If you haven’t heard of speculaas spices its a spice blend I believe originating from Holland. You may have come across it in those little caramelised biscuits served with coffee, and there is also a spread version available in the supermarket now, however I have tried a more authentic version from The Speculaas Spice Company . I made a few of these flavour macarons a few weeks back and whilst delicious, the spices are so flavourful that I think I over did it a bit so this time I reduced the amount of spice and added a bit more caramel in the filling, I think I got the balance just right this time.
I always make macarons with the italian meringue method, I feel it gives a much more stable and reliable base to the mixture, giving me more consistent results. If you want to read my hints and tips on mac making check out my blog post on Macaron Mysteries. I also used Billingtons golden icing sugar for these ones as it has a more caramelly flavour than white icing sugar which compliments the spices well.
This recipe will yield about 40 macarons (80 shells).
- 200g granulated sugar
- 60ml Water
- 75g egg white at room temperature.
- 200g ground almonds
- 200g Billingtons Golden icing sugar
- 2 tsp Speculaas spice mix
- 70g egg white room temperature
- 75g dulce de leche – shop bought is fine!
- 75g white chocolate
First thing with macarons, I find it is much better to have everything laid out ready, all the ingredients weighed, your piping bags ready and baking sheets lined with silicon sheets (thin not thick ones) and ready to go. You will need 4 large baking sheets, and a piping bag with a 1 cm nozzle.
Secondly blitz the almonds in a processor, then sieve into a large bowl with the icing sugar, make sure you have the correct amount of each once sieved, finally sieve in your spices.

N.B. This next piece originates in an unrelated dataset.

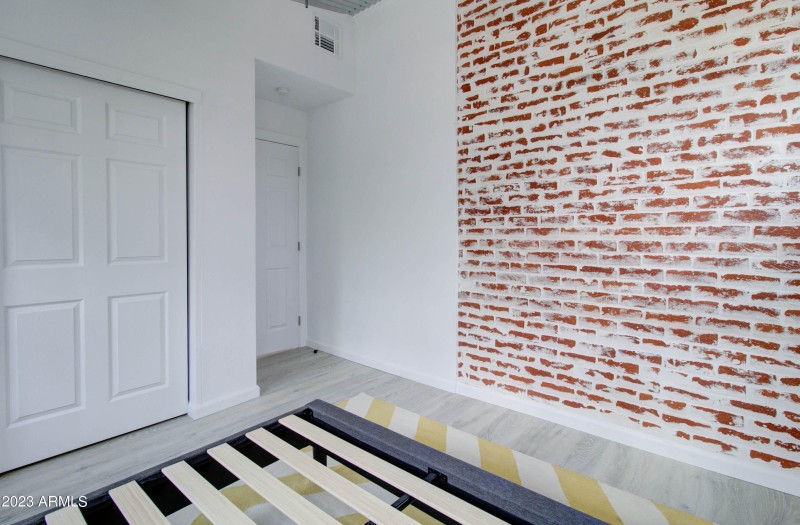 258 S Sutherland St Furnished-24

Hand whisk them all together to make sure they are thoroughly combined. Weigh out the macaronage egg white into a separate small bowl.
Next make sure the equipment you are going to use for the meringue is completely grease free, the bowl, the whisk and the pan the sugar is heated up in to make the syrup. I wipe all mine over with some white wine vinegar to be doubley sure and the acidity also helps stabilise the meringue.
Warm the sugar and water in a heavy bottomed pan , swirling gently until dissolved. whilst doing this whisk the meringue egg white in a stand mixer on a very slow speed just to loosen it up. Once the sugar is all dissolved turn up the heat and bring the syrup to a boil, at the same time turn up the stand mixer to whisk the egg white on a medium speed. Finally once at a rolling boil turn the mixer right up to get to a firmish peak, you want the syrup to reach soft ball stage, around 112C-114C.
Once you are there remove the syrup from the heat, allow to stop bubbling then very slowly drizzle down the side of the mixing bowl whilst the whisk is still on high.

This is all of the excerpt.